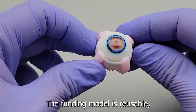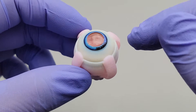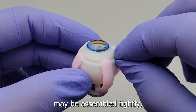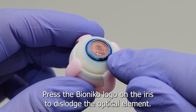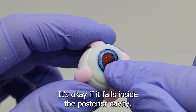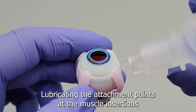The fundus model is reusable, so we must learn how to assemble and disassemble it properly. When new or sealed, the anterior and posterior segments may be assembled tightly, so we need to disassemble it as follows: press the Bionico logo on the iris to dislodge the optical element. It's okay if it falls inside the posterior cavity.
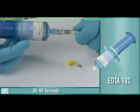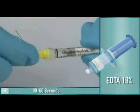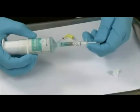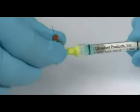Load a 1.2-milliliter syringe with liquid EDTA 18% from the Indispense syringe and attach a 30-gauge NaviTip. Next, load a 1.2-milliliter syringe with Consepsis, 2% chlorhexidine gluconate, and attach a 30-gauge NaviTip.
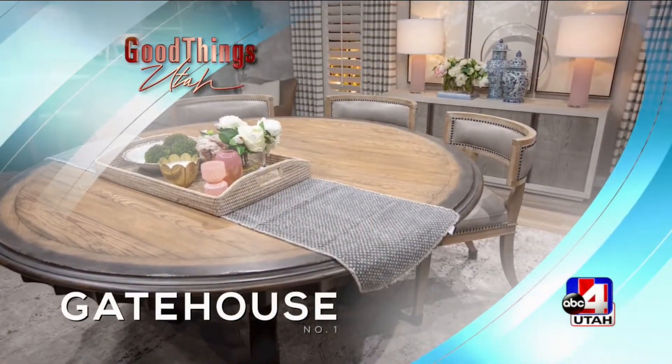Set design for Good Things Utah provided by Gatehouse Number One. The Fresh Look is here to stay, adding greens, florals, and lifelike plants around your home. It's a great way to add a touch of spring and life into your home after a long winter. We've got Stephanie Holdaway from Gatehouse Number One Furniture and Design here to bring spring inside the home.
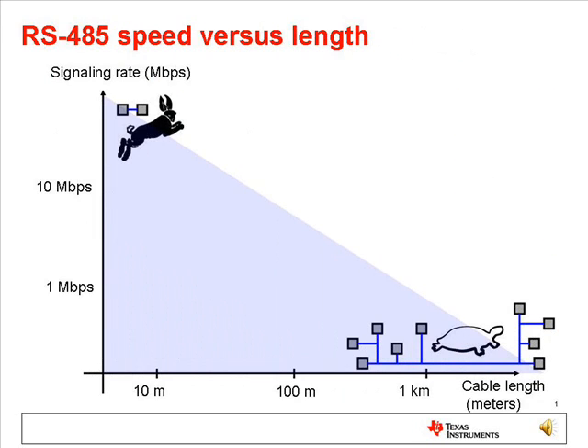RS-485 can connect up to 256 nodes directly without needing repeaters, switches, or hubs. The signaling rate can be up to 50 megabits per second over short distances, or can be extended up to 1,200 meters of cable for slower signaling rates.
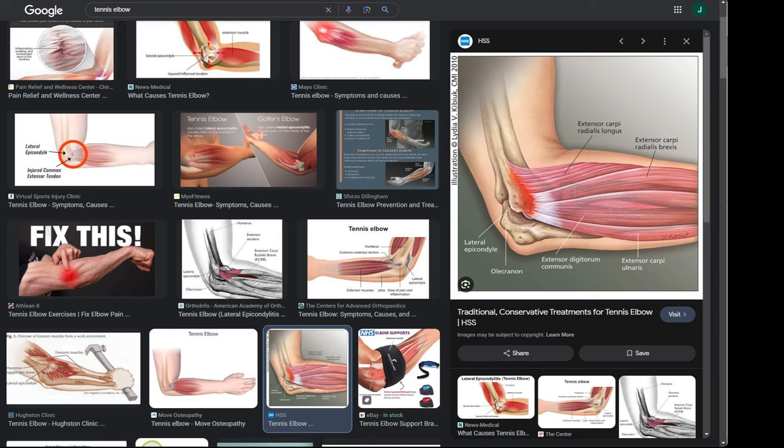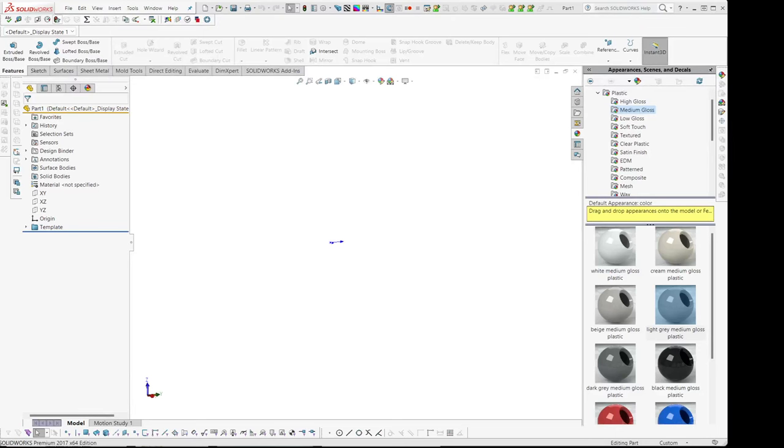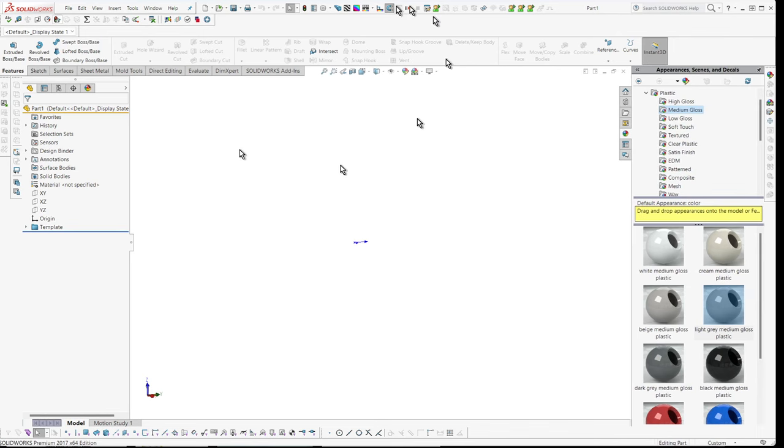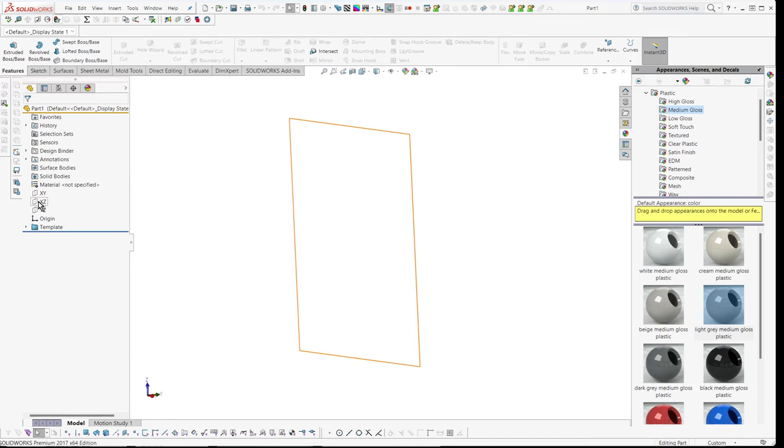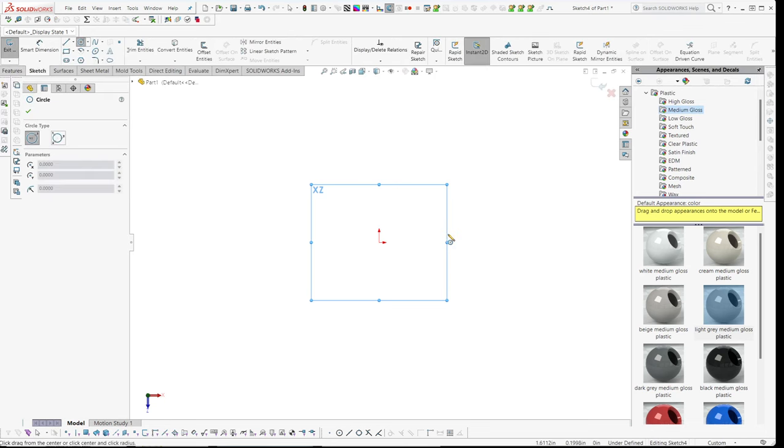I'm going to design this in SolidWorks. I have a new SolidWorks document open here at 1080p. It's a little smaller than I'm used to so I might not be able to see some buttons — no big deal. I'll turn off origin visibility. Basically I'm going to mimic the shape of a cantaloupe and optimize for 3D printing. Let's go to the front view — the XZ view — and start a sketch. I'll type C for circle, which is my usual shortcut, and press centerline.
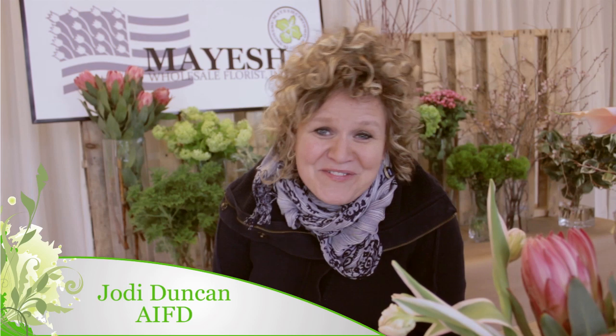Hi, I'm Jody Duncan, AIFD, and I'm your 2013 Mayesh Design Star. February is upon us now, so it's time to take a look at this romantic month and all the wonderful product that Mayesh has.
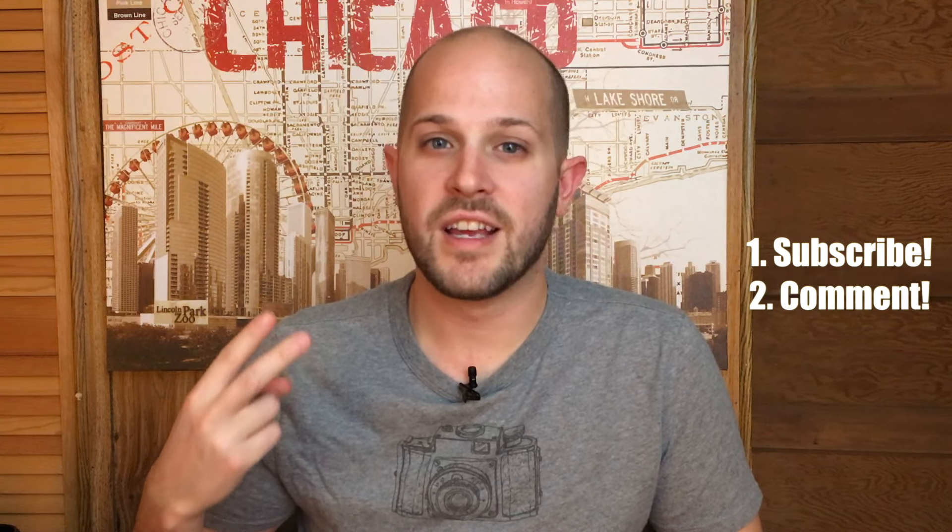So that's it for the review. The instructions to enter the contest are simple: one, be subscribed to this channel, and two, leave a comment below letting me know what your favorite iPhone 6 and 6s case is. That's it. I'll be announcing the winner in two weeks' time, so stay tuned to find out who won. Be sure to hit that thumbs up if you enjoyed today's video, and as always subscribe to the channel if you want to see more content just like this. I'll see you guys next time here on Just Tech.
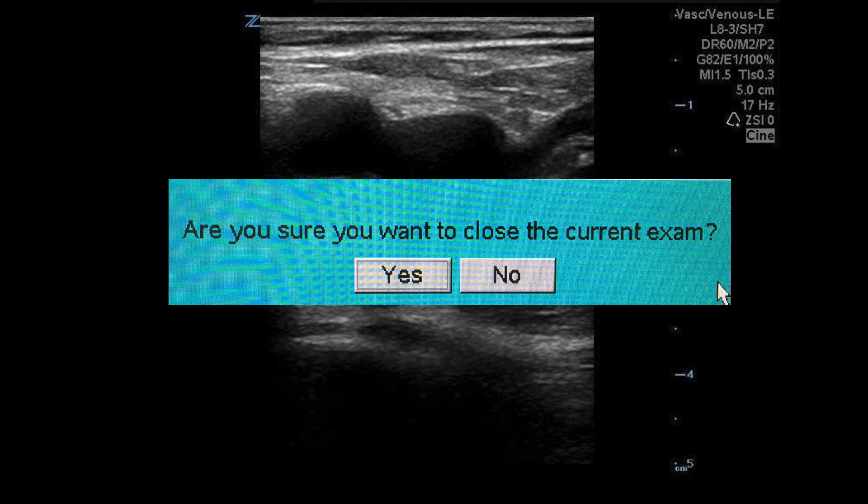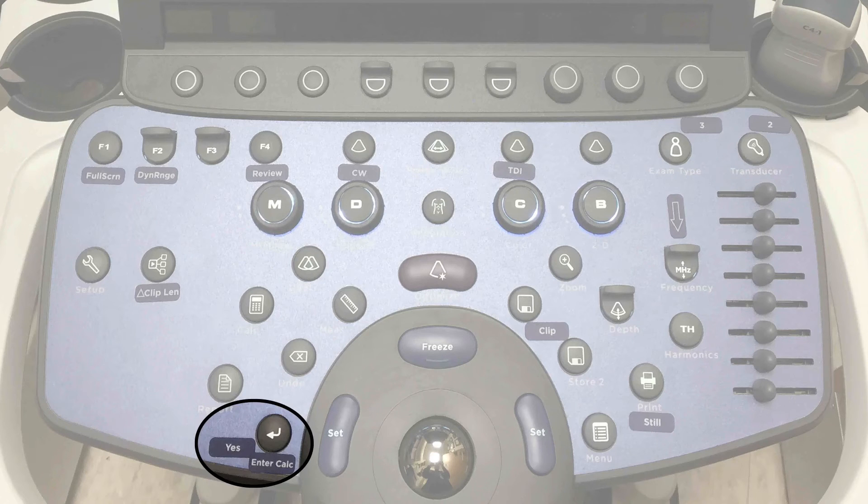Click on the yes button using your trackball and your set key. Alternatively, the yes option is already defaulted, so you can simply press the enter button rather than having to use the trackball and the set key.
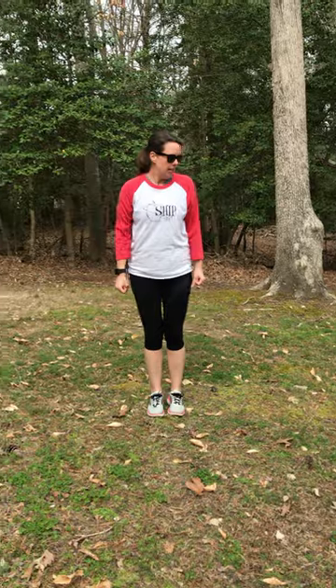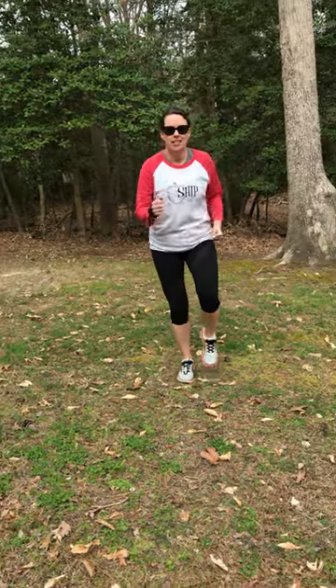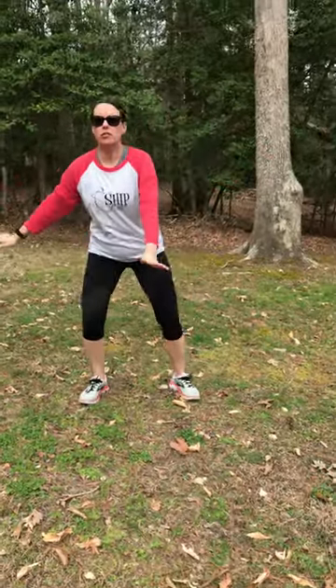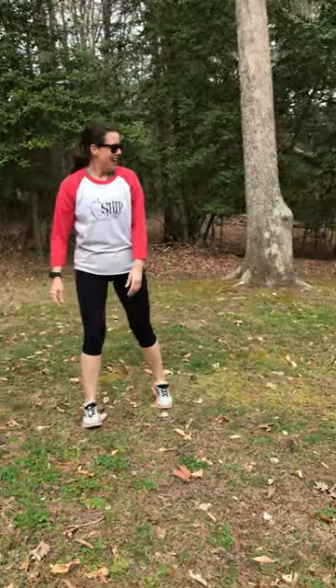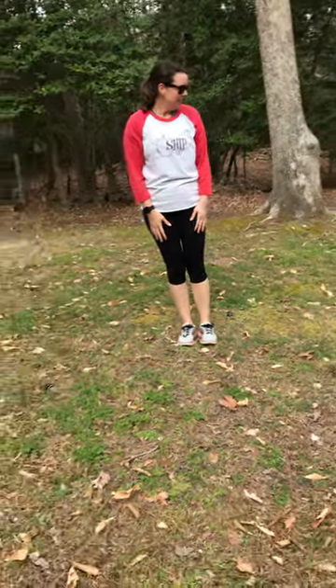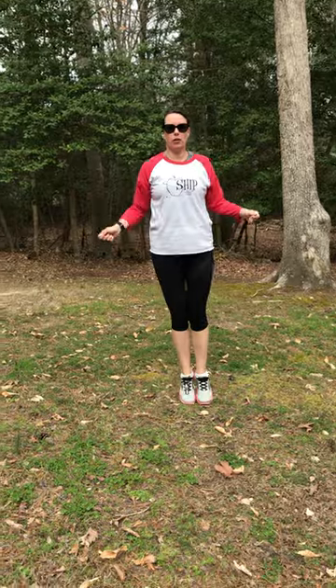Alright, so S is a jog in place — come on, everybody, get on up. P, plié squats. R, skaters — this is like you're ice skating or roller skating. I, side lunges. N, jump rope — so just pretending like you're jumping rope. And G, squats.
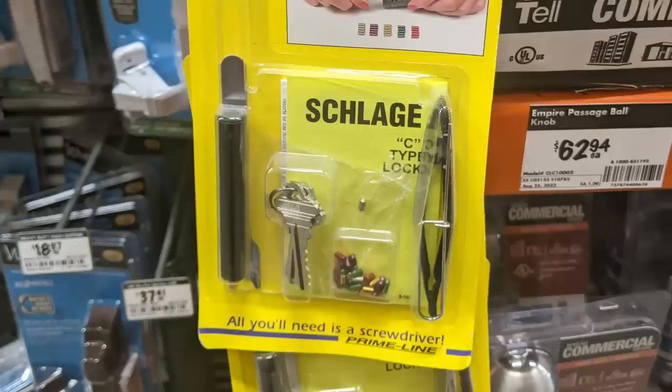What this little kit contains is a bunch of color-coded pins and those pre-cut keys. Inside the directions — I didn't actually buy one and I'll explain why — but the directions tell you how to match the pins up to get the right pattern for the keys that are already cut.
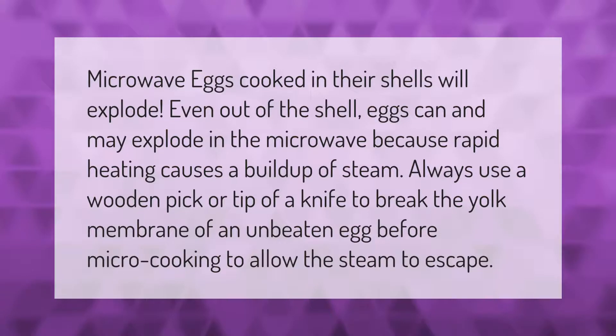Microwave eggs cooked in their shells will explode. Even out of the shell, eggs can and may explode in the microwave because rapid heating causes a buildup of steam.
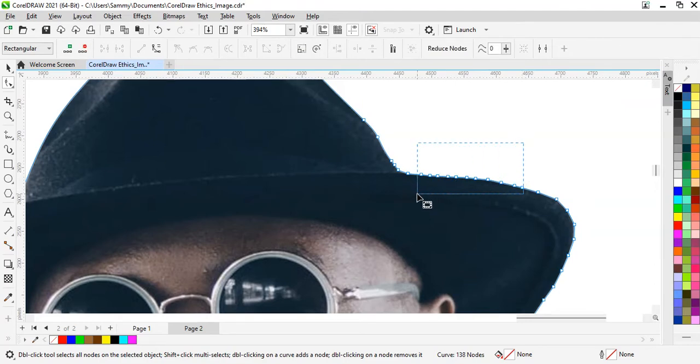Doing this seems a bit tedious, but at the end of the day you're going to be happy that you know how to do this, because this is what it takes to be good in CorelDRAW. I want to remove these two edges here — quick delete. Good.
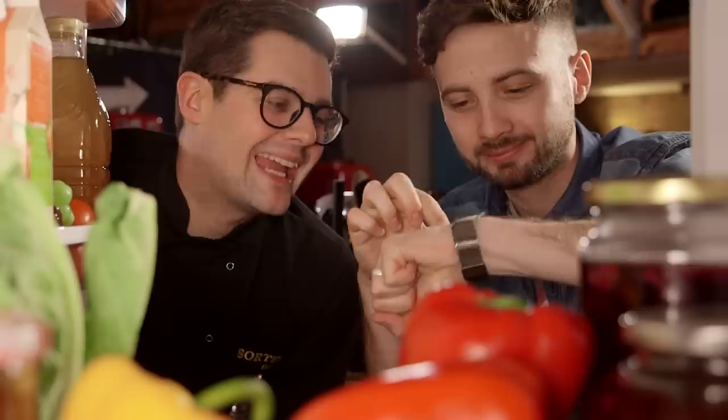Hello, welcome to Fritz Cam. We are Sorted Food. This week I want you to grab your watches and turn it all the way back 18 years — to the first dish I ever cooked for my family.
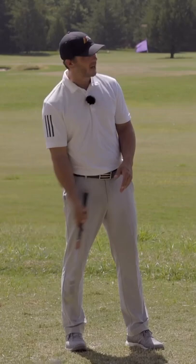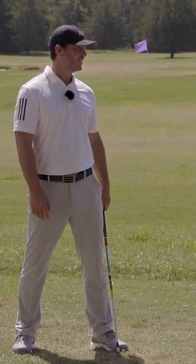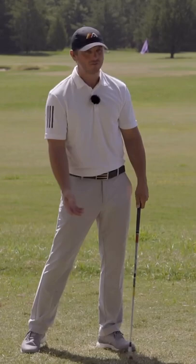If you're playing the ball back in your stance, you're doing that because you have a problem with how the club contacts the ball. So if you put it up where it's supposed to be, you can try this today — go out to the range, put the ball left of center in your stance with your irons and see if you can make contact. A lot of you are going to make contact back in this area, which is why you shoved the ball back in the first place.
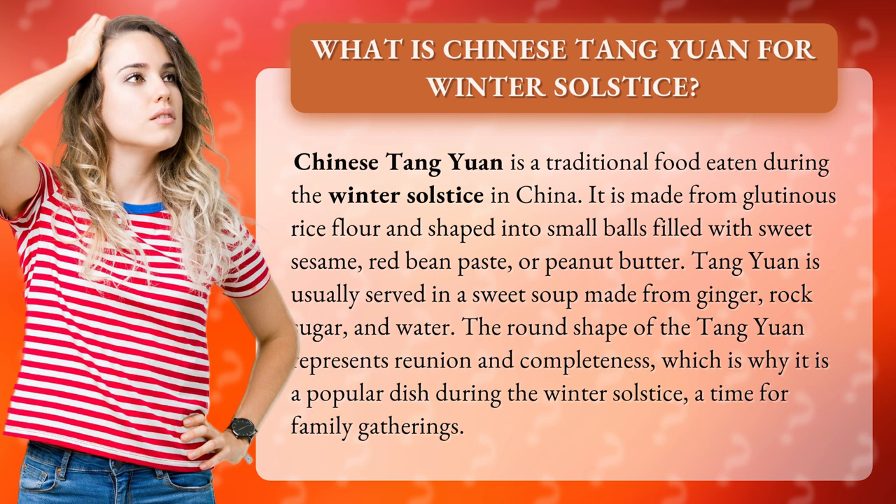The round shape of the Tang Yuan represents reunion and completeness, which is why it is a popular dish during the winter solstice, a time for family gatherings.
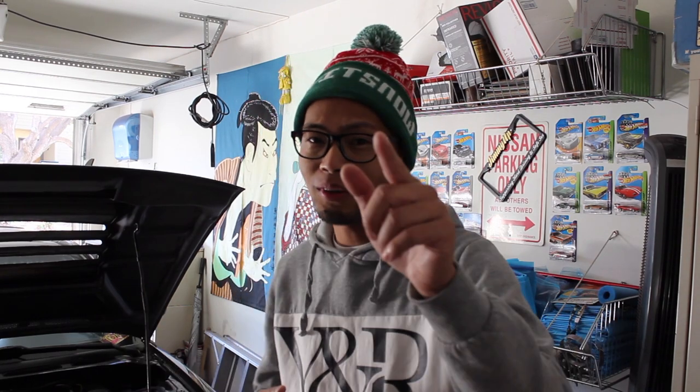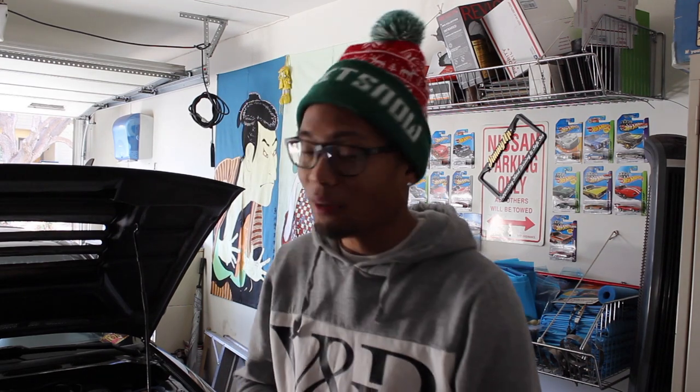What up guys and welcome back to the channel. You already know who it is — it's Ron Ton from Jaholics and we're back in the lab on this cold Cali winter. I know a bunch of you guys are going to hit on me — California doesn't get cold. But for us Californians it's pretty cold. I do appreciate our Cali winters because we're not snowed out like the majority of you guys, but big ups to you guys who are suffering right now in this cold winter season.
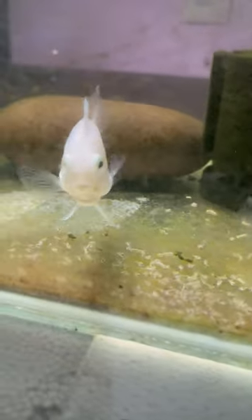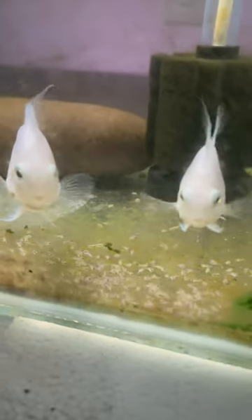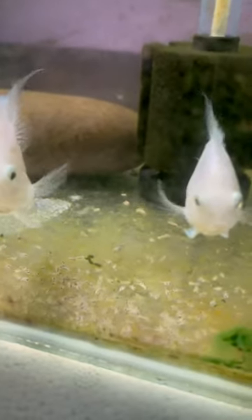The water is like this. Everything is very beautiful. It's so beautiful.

** WHAT IS NEEDED **
Only the lines above from the one with "Alright, so S" to the one with "The round shape" should be printed, both included and exactly as written; no picture belongs in the copy.

** RESULT OF THE TASK **
Alright, so S is a jog in place — come on, everybody, get on up. P, plié squats. R, skaters — this is like you're ice skating or roller skating. I, side lunges. N, jump rope — so just pretending like you're jumping rope. And G, squats.
What this little kit contains is a bunch of color-coded pins and those pre-cut keys. Inside the directions — I didn't actually buy one and I'll explain why — but the directions tell you how to match the pins up to get the right pattern for the keys that are already cut.
Microwave eggs cooked in their shells will explode. Even out of the shell, eggs can and may explode in the microwave because rapid heating causes a buildup of steam.
Doing this seems a bit tedious, but at the end of the day you're going to be happy that you know how to do this, because this is what it takes to be good in CorelDRAW. I want to remove these two edges here — quick delete. Good.
Hello, welcome to Fritz Cam. We are Sorted Food. This week I want you to grab your watches and turn it all the way back 18 years — to the first dish I ever cooked for my family.
If you're playing the ball back in your stance, you're doing that because you have a problem with how the club contacts the ball. So if you put it up where it's supposed to be, you can try this today — go out to the range, put the ball left of center in your stance with your irons and see if you can make contact. A lot of you are going to make contact back in this area, which is why you shoved the ball back in the first place.
The round shape of the Tang Yuan represents reunion and completeness, which is why it is a popular dish during the winter solstice, a time for family gatherings.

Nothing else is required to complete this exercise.